# Bucks and wethers?



## wildegoats0426 (Aug 30, 2013)

Do bucks and wethers get along? I have a 7 acre pasture with 9 wethers on it. They can't see my girls except for far away in one tiny spot. Could I put a buck in with my wethers so I have him to breed my girls? Or do they not get along


----------



## ksalvagno (Oct 6, 2009)

That should be fine to do. It always ultimately depends on the animals themselves but I bet it would work out fine.


----------



## enchantedgoats (Jun 2, 2013)

i think it should be ok but sometimes they just wont get along. then i move the wether thats being beat up to the doe pen.


----------



## Used2bmimi (Oct 3, 2012)

Lots of people use wethers as companions for bucks. I have had a few different combinations on my place in the last year and they have all done fine.


----------



## wildegoats0426 (Aug 30, 2013)

Would it be better to get a younger buck and let him grow up with the wethers? That way he won't feel obligated to dominate the wethers. Plus my wethers have a harsh initiation sometimes. The last two boys I put out in the pasture I had to take them out daily for about a week and watch them bc the older ones did not want them there. But now they are all fine and get along great


----------



## ksalvagno (Oct 6, 2009)

I don't know that it would matter. A young buck could get beat up by the older wethers. If everyone is full grown, then they should be able to hold their own. You may have to pull someone out. It just really depends.


----------



## ThreeHavens (Oct 20, 2011)

I think if the bucks are outnumbered by the wethers, that should especially be fine. Until recently I had a wether in with my three bucks, and he didn't understand why everyone went all crazy during rut. He wasn't being singled out for bullying, but they were as rough with him as with each other, and the poor thing just didn't get it.


----------



## TDG-Farms (Jul 12, 2013)

As long as they all have horns or all dont have horns, they will fight it out a bit to see how is the boss and in a month or so all will be good. NOW with that being said, putting a new goat in with a herd of other goats is going to be rough on the new buck. I would suggest putting the buck in with just 1 or 2 of the wethers into a separate pen and let them get used to each other.

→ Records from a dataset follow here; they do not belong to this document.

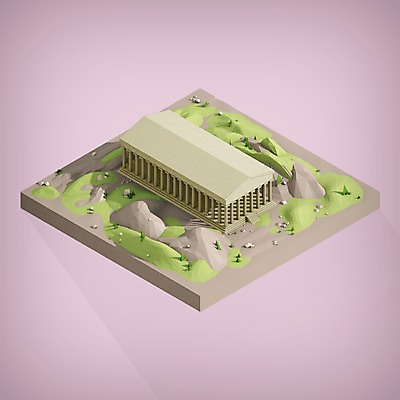 PSD 편집이미지 신전 잔디 사람없음 그래픽 3D 바위 풀 그리스 디지털합성 아테네 아이소메트릭 파르테논신전 랜드마크 팝업일러스트 폴리곤 로우폴리 편집3D 식물 유럽 고건축 돌_바위 파일형식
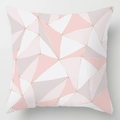 Roze en grijs kussenhoesje met geometrisch driehoekspatroon en roségouden lijnen - 45x45 cm / Roze Grijs Geometrische Las (DRD111-24)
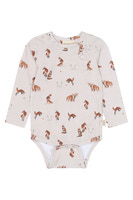 Petit Piao Star Langærmet Body - Gray Morn Fox 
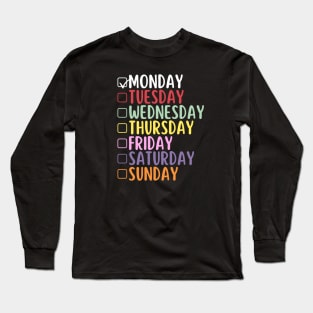 Days of the Week Checklist - Monday - Rainbow Colours Long Sleeve T-Shirt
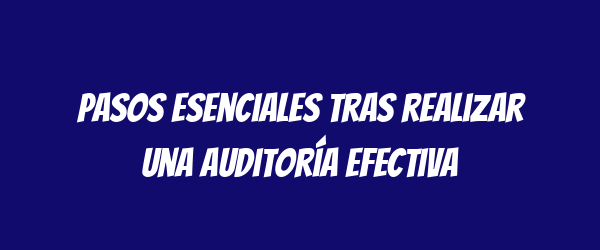 Pasos esenciales tras realizar una auditoría efectiva Pasos esenciales tras realizar una auditoría efectiva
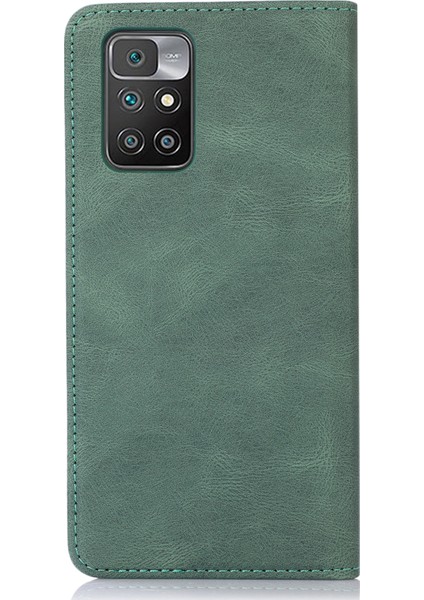 Çizgiler Pu Deri Deri Touch Flip Kılıf Xiaomi Için Redmi Için Tasarım Telefon Kapağı Not 11 4g (Mediatek)/redmi 10 4g (2021)/REDMI 10 2022 4g/10 Prime-Green (Yurt Dışından)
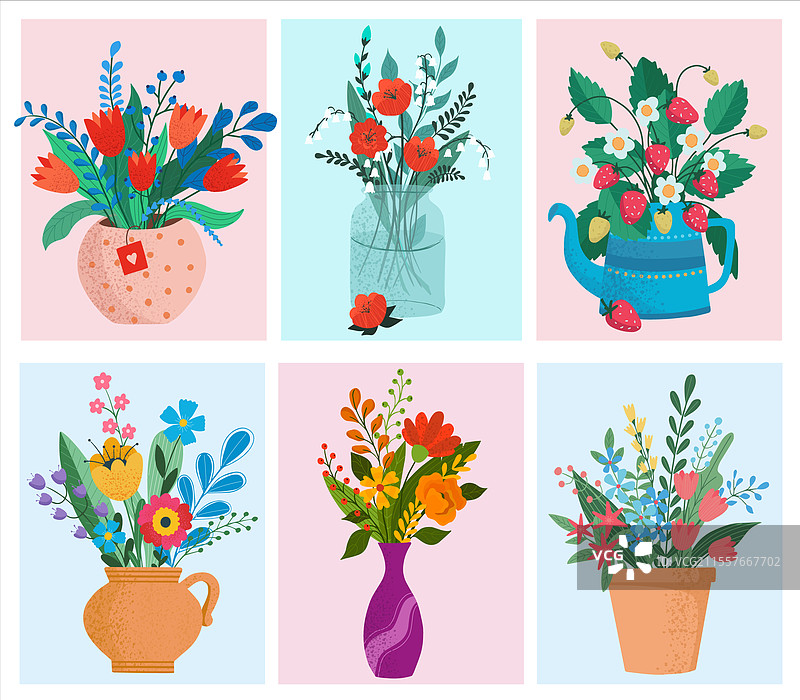 一组陶花盆中的花束图片素材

It should only take 2-3 days before the others wethers out on pasture to forget their buddies and treat them as new guys also. Then let the 3 out back into the pasture with the other wethers at the same time so there are more targets for the larger herd and not just one.


----------



## wildegoats0426 (Aug 30, 2013)

I have 3 wethers who would be perfect for the new buck. Two of them don't have horns but the one that does, his horns aren't pointed. They are scurs ( I think that's what they're called) that grow and get knocked off while playing head butt with each other. But these 3 are the newest and lowest on the totem pole. They don't get beat up anymore but I do have to throw some hay aside for just them


----------



## wildegoats0426 (Aug 30, 2013)

Another question: how do you train bucks to be nice?


----------



## TDG-Farms (Jul 12, 2013)

Just have to handle em lots. Which is a stinky proposition during the rut


----------



## Scottyhorse (Feb 11, 2013)

Yup and make sure they know you are boss. Both my bucks respect me and are very nice around me, but my younger brother teased them when we first got them (a few years apart) so they are aggressive with him if he is around them because they know (or think, anyways) they they're the boss over him.


----------